Per maggiori dettagli sulla morte di Milva e sulle relative indagini, si veda il capitolo "Le Morti Collaterali".
Di ciò che ha affemato Luciano nel corso degli anni, preferiamo fare una sintesti schematica e precisa, al fine di valutare pienamante l'evoluzione delle sue - spesso contestate - dichiarazioni.
Chiamato a testimoniare durante il processo Pacciani (24 Maggio 1994), disse:
▪ di aver visto più volte il Vanni in casa sua ai tempi in cui vivevano alla Sambuca e di aver capito solo in seguito che il Vanni pretendeva rapporti sessuali dalla mamma;
▪ di non aver mai visto il Pacciani in casa sua, né altrove; di averlo visto per la prima volta in televisione;
▪ di aver sempre ritenuto possibile che il padre, Renato, si fosse suicidato in quanto profondamente depresso.
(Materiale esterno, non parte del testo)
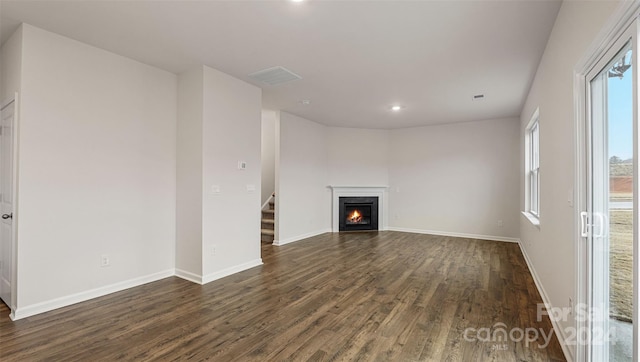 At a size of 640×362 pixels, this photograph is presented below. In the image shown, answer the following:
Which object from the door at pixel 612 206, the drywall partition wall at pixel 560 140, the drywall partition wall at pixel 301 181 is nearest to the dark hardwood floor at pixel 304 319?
the drywall partition wall at pixel 560 140

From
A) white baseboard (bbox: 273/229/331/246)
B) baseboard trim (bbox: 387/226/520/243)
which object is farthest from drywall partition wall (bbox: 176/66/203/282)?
baseboard trim (bbox: 387/226/520/243)

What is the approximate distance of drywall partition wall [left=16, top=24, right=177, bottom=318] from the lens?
264 centimetres

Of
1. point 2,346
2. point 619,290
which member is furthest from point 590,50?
Result: point 2,346

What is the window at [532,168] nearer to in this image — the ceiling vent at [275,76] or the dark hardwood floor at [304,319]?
the dark hardwood floor at [304,319]

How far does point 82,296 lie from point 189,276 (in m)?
1.04

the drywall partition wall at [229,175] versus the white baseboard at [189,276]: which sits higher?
the drywall partition wall at [229,175]

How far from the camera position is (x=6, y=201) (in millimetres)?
2805

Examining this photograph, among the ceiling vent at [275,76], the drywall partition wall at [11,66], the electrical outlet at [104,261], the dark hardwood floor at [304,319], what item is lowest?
the dark hardwood floor at [304,319]

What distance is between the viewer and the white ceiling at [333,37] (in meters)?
2.31

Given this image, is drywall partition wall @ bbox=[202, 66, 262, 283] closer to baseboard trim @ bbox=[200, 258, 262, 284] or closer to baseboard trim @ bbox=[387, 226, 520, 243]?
baseboard trim @ bbox=[200, 258, 262, 284]

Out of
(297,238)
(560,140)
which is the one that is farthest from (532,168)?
(297,238)

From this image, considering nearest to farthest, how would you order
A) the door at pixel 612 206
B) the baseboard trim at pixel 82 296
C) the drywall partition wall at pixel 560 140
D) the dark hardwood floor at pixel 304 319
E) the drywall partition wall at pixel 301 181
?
the door at pixel 612 206, the drywall partition wall at pixel 560 140, the dark hardwood floor at pixel 304 319, the baseboard trim at pixel 82 296, the drywall partition wall at pixel 301 181

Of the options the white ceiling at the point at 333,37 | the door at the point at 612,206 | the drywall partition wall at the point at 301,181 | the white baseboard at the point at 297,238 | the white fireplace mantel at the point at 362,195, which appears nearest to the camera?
the door at the point at 612,206

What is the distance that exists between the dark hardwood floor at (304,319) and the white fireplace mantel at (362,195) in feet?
9.53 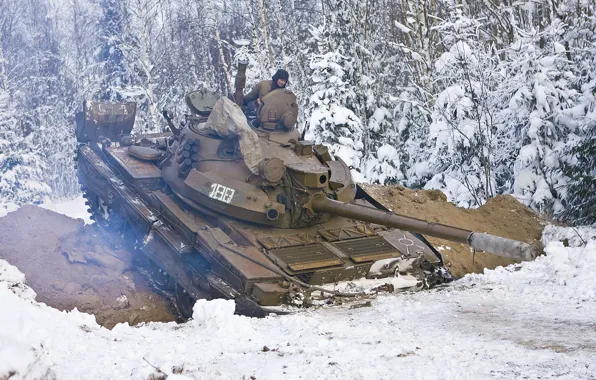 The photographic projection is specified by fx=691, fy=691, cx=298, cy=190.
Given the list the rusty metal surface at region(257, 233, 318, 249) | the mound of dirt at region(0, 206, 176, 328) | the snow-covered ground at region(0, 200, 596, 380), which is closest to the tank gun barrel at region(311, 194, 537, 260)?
the rusty metal surface at region(257, 233, 318, 249)

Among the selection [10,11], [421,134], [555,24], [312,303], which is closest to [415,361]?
[312,303]

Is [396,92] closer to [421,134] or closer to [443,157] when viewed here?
[421,134]

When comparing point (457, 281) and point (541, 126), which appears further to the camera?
point (541, 126)

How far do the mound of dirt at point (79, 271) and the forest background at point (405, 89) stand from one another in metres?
8.14

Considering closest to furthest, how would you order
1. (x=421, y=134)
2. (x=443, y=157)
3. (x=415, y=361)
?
(x=415, y=361)
(x=443, y=157)
(x=421, y=134)

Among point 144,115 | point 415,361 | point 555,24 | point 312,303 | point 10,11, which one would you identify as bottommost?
point 144,115

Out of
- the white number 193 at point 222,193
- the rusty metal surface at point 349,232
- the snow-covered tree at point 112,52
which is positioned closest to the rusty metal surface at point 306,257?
the rusty metal surface at point 349,232

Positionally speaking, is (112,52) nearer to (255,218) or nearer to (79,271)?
(79,271)

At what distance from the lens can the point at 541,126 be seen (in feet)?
45.8

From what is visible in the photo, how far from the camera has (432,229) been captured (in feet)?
27.0

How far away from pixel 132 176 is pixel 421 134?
39.2 ft

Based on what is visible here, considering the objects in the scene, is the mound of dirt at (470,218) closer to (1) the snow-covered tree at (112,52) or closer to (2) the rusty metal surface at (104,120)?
(2) the rusty metal surface at (104,120)

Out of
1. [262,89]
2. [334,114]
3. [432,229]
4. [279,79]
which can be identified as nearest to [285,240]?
[432,229]

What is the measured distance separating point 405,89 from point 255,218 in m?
13.2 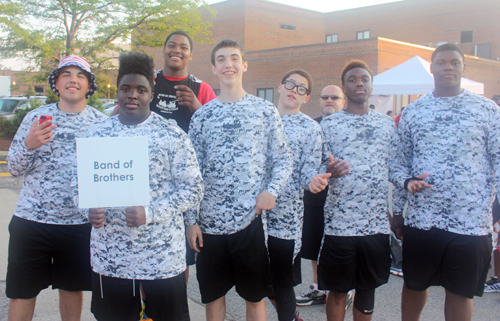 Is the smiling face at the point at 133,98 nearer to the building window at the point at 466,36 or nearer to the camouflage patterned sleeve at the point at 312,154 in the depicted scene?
the camouflage patterned sleeve at the point at 312,154

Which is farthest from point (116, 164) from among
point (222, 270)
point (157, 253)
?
point (222, 270)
Chiamato a testimoniare durante il processo ai CdM (10 Luglio 1997), affermò:
▪ di aver visto più volte il Vanni avere atteggiamenti intimidatori nei confronti di sua mamma, Maria Antonietta, ai tempi in cui vivevano alla Sambuca e suo padre era ancora vivo;
▪ di aver visto più volte un uomo, che in seguito avrebbe riconosciuto come l'imputato Giovanni Faggi, aggirarsi dalle parti di casa sua alla Sambuca;
▪ di non aver mai visto personalmente il Pacciani in casa sua, né alla Sambuca, né altrove;
▪ di aver saputo dalla sorella minore Laura che suo padre Renato era stato picchiato da due uomini, uno dei quali era lo zio Antonio Andriaccio e l'altro era il Pacciani. La stessa Laura aveva fornito questa testimonianza in occasione del processo Pacciani, dichiarando che lei stessa aveva assistito in prima persona a questa aggressione;
▪ di aver salvato un paio di volte il padre, profondamente depresso e dedito all'abuso di alcool, da propositi suicidi; in un'occasione l'aveva addirittura trovato con un cappio al collo. Tuttavia, Luciano affermò di aver maturato negli ultimi tre anni, in pratica dalla sua deposizione al processo Pacciani, la convinzione che il padre non si fosse suicidato ma fosse stato ucciso;
▪ di non aver mai conosciuto Francesco Vinci, né di aver mai saputo che avesse una relazione con la sorella Milva;
▪ di aver salturiamente frequentato la casa dell'Indovino in via Faltignano, dopo il loro trasferimento dalla Sambuca a fine 1980;
▪ di aver abitato in via Faltignano fino al 1983, dunque all'incirca per due anni e mezzo;
▪ di non aver mai riscontrato segni di sedute spiritiche, messe nere, orge o cose simili in casa dell'Indovino;
▪ infine, di aver visto spesso negli anni 1980 e 1981 un'automobile sportiva targata Gorizia parcheggiata davanti casa dell'Indovino.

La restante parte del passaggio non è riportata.